In [38]:
from __future__ import print_function

from pyspark import SQLContext
import pyspark.sql.functions as sql
import pyspark.sql.types as types

In [39]:
sqlContext = SQLContext(sc)

Loading Data

The datasets below are on local disk and are in some scratch directories. Final datasets will be in HDFS


In [40]:
idigbio_full = sqlContext.read.parquet("../2016spr/data/idigbio/occurrence.txt.parquet")
bhl_full = sqlContext.read.parquet("../guoda-datasets/BHL/data/bhl-20160516.parquet")

In [41]:
# This replaces the datasets with ones that are a small subset
#bhl = bhl_full.sample(fraction=0.01, withReplacement=False)
#idigbio = idigbio_full.sample(fraction=0.001, withReplacement=False)

bhl = sqlContext.createDataFrame(bhl_full.head(100))
idigbio = sqlContext.createDataFrame(idigbio_full.head(10000))
bhl.cache()
idigbio.cache()
print("defined")


defined

Building a list of IDs

From iDigBio data, make a list of unique identifiers to try to find in BHL. While there are lots of identifiers in fields, we're going to guess that the Darwin Core catalogNumber field would be the most likely to be found so only that field will be used to start. Later, other fields could be examined.


In [42]:
idigbio.registerTempTable("idbtable")
# Demonstrate using SQL syntax for working with Spark dataframes
ids = sqlContext.sql("""
                       SELECT
                        `http://rs.tdwg.org/dwc/terms/occurrenceID` as id
                       FROM idbtable WHERE 
                        `http://rs.tdwg.org/dwc/terms/occurrenceID` != ''
                       GROUP BY
                        `http://rs.tdwg.org/dwc/terms/occurrenceID`
                    """)

In [43]:
# This triggers running the group by and takes a few seconds
print(ids.count())


9872

Search for those IDs

With the list of ids, go find them in BHL OCR text. Final data structure should be a list of IDs with the added column containing a list of item IDs where the iDigBio id is found and perhaps a column for the count of the items IDs in the list which is probably what we'll end up sorting on.

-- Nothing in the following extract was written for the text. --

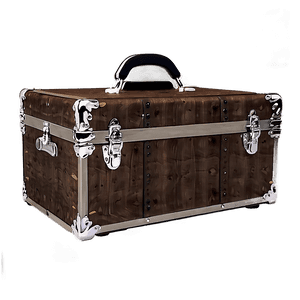 Trunk for Vinyl Records PNG fai PNG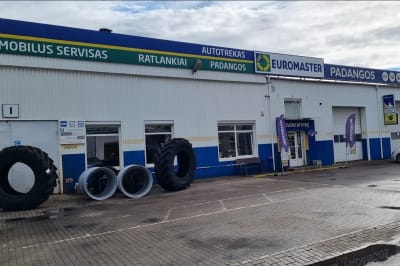 AUTOTREKAS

The naive approach would be to take each document and check it for each id in turn. That would be about:


In [44]:
print(8000000*180000/1000000/60/60)


400

hours of work asuming we could perform 1M searches per seond. Instead, let's make a list of unique words in BHL which items those words come from. Then we can join that list to the list of catalog numbers and use aggregate functions to have our answer.

Tokenizing BHL into words

To do that, first we need to tokenize each document and for that we need a tokenizer. We'll just use spliting on whitespace as something simple.

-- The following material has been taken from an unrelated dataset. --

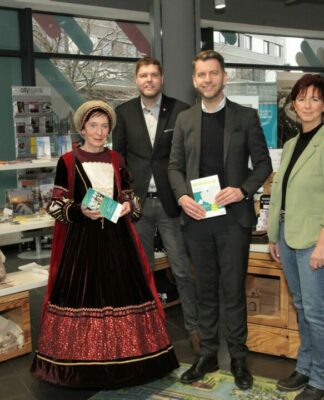 Wolfsburg entdecken und erleben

This builds a list of word & item ID combinations


In [45]:
def unicode_split(s):
    if s is not None:
        return s.split()
    else:
        return []
unicode_split_udf = sql.udf(unicode_split, types.ArrayType(types.StringType()))

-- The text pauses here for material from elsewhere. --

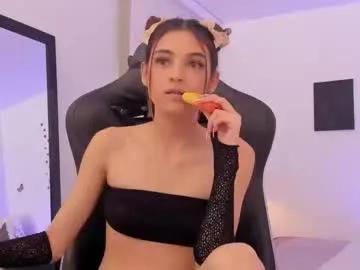 Freechat sofiarouge_ on Chaturbate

words = bhl.select(sql.explode(unicode_split_udf(bhl.ocrtext)).alias('word'), bhl.itemid)

In [46]:
print(words.head(20))


[Row(word=u'Historic,', itemid=152051), Row(word=u'archived', itemid=152051), Row(word=u'document', itemid=152051), Row(word=u'Do', itemid=152051), Row(word=u'not', itemid=152051), Row(word=u'assume', itemid=152051), Row(word=u'content', itemid=152051), Row(word=u'reflects', itemid=152051), Row(word=u'current', itemid=152051), Row(word=u'scientific', itemid=152051), Row(word=u'knowledge,', itemid=152051), Row(word=u'policies,', itemid=152051), Row(word=u'or', itemid=152051), Row(word=u'practices.', itemid=152051), Row(word=u'THE', itemid=152051), Row(word=u'BEST', itemid=152051), Row(word=u'OTTHE', itemid=152051), Row(word=u'OLD,', itemid=152051), Row(word=u'NEW', itemid=152051), Row(word=u'AND', itemid=152051)]

In [47]:
print(words.count())


2196538

Summarize words

words right now is all the words in the item but wer really only need to keep unique words since we're looking for specific terms. We can run distinct on this list.


In [48]:
# could also use df.distinct() if we didn't want the counts
words_summary = words.select(words.word, words.itemid).groupBy(words.word, words.itemid).count()
print(words_summary.head())


Row(word=u'Mail', itemid=152051, count=1)

In [49]:
print(words_summary.count())


521905

Now we have a list of unique words in each item and a list of ids we're looking for. Let's join them and see if we have any exact matches.


In [50]:
joined = ids.join(words_summary, ids.id == words_summary.word, 'inner')
print(joined.head(20))


[Row(id=u'339', word=u'339', itemid=152065, count=1), Row(id=u'52390', word=u'52390', itemid=152112, count=1), Row(id=u'52390', word=u'52390', itemid=152131, count=1), Row(id=u'52390', word=u'52390', itemid=152135, count=1), Row(id=u'10363', word=u'10363', itemid=152112, count=1), Row(id=u'11920', word=u'11920', itemid=152135, count=1)]

In [51]:
print(joined.count())


6

Conclusions

This works but the output is suspicious. The few occurrenceID in the subset of items appear to all be simple numbers which we can't trust to be actual references to occurrence IDs.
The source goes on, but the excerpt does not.